The time frame of this question will be 1950 to 2022.

In addition to these variables, we will use the gdp variable to select the largest and smallest 15 economies in 2022, the most recent year of the study. This will let us create two groups (top 15 and bottom 15) which we will use to create two plots. The top 15 economies stay consistent with their quality of data but the bottom 15 however do not. So we will only use data for the bottom 15 economies for which we have complete data and we will describe which countries we leave out and for what reasons in the analysis.

To visualize this data, we will create a bar plot broken down by the 5 energy sources and by year, in two plots for each group of countries. We do not foresee the need to use create new variables or to add external data.

As for question 2, we hope to understand the extend to which global warming is influenced by the amount of fossil fuel. This is a very relevant question to our environment. There is a heated political debate going on in the United States regarding whether the burning of fossil fuels causes global warming, and if so, to what extent.

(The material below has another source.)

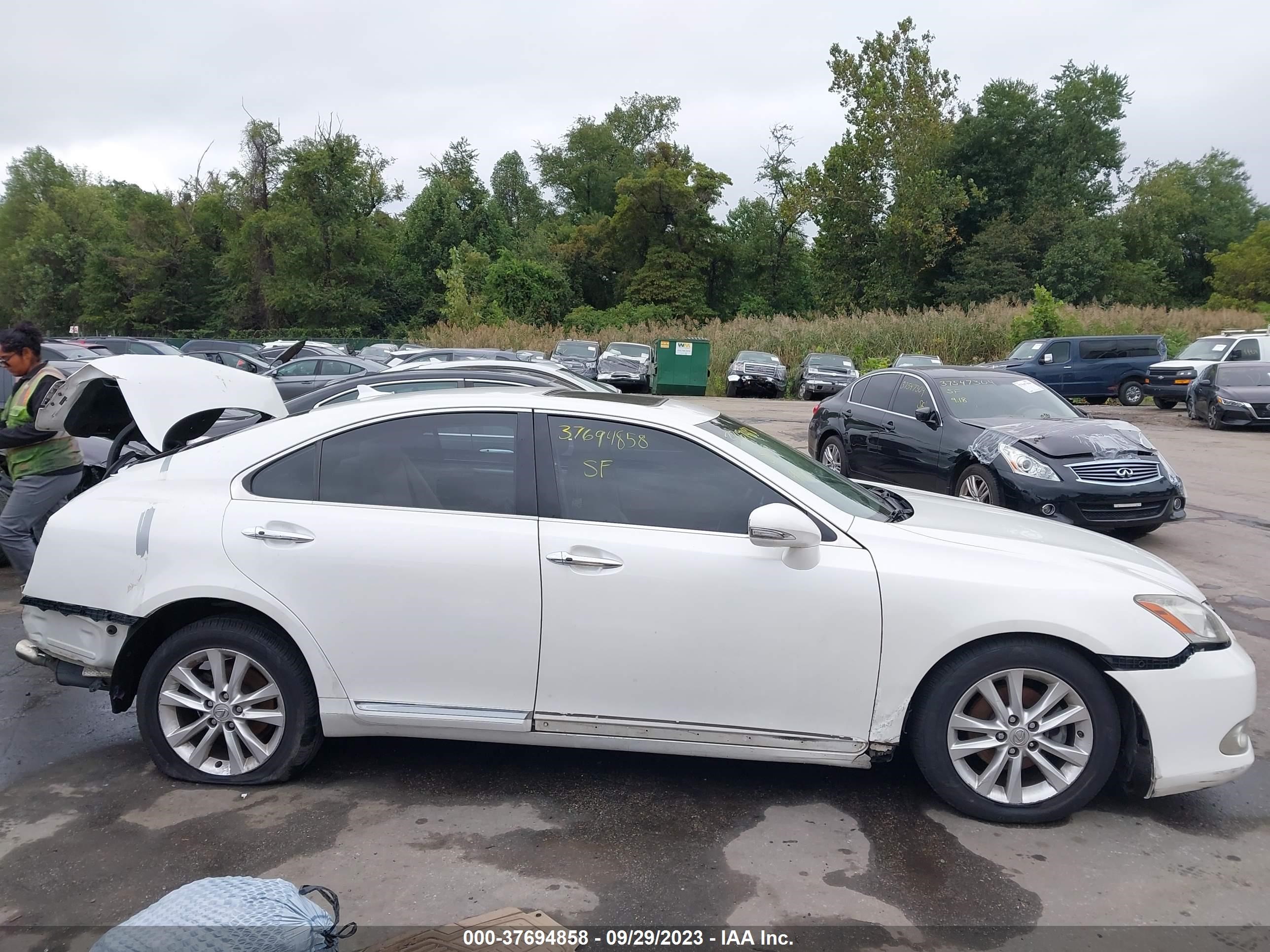 Photo 13 VIN: JTHBK1EG2A2357280 - LEXUS ES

We will seek to explore this claim by looking at data from credible sources. We will start by merging in climate data from the National Centers for Environmental Information (NCEI), specifically the global average surface temperature for each year in the period from 1950 to 2022. We will then create a new variable in our data set that estimates global fossil fuel use by summing the variable fossil_fuel_consumption for every country we have data on. Finally, we will plot two separate lines, one representing global average temperature and the other representing global fossil fuel consumption, over the time period 1950-2022. It will be intuitive to visualize whether there is a correlation, and also whether there is any “lag” from when fossil fuels are burned to when global temperatures rise (if at all).